“He hath founded it upon the seas” ~ Cayman Islands motto
Day Two of the 43rd Annual Commonwealth Parliamentary Association (CPA) Caribbean Americas Atlantic Region conference, held in Grand Cayman June 16-23, 2018 saw delegates from around the Caribbean gather once again at the Marriott Hotel for a day of presentations, discussion and debates.
Plenary Session 3
“Relevant Population growth of Small Developing States”
The moderator for this session was Christopher Saunders, Member of the Legislative Assembly (MLA) of the Cayman Islands.

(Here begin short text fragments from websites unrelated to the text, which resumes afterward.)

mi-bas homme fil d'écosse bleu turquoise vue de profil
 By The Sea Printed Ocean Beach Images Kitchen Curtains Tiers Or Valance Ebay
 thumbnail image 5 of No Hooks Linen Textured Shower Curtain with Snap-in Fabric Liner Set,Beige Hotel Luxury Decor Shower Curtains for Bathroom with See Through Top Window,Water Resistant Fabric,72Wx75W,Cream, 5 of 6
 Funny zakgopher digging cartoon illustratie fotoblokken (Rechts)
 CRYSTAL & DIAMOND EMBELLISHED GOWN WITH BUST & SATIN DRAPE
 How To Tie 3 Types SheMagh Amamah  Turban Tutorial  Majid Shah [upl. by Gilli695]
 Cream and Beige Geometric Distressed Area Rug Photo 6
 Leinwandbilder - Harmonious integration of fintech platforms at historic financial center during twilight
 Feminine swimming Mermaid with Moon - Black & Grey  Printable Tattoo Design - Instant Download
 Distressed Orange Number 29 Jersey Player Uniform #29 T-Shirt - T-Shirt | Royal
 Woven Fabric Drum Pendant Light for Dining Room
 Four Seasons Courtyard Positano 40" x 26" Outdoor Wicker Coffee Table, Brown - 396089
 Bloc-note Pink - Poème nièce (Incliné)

• Juan Paul Watterson-Speaker of the House of Keys, Isle of Man
• Alden Mc Laughlin, Premier of the Cayman Islands
The first presenter gave a short presentation on the transformation of the economy of the Isle of Man from one based on fishing to light manufacturing now into a home for retirees and financial services.
A major part of their success has been the growth of their resident population from approx. 48,000 persons in 1960 to 82,000 in 2018. With a size of 220 sq. miles they have more than enough room for growth.
The second presenter, Premier McLaughlin, spoke proudly about what he calls “The Cayman Miracle”.
A miracle predicated on the growth in population from 8,000 persons in 1960 to 63,000 persons in the year 2018.
For a bit of context, the Cayman Islands economy is based primarily on financial services and a growing tourism industry.
Premier McLaughlin spoke of the trickle-down benefits that have enabled the Cayman Islands coffers to swell via massive increases in fees paid to government. This has resulted in budget surpluses for the last few years and several public-private partnerships that have resulted in improvements in the infrastructure of their islands.
One cannot deny that any country having a budget surplus is indeed a miracle, as there is no such thing as having too much money.
The premier was filled with such pride that he spoke openly about an agenda to increase the population of the Cayman Islands, with a total size of 108 sq. miles, from 64,000 to record levels of at least 100,000 persons.
However, one has to only peel back the layers to find out exactly what have been the contributing factors to their population growth and subsequent economic windfall.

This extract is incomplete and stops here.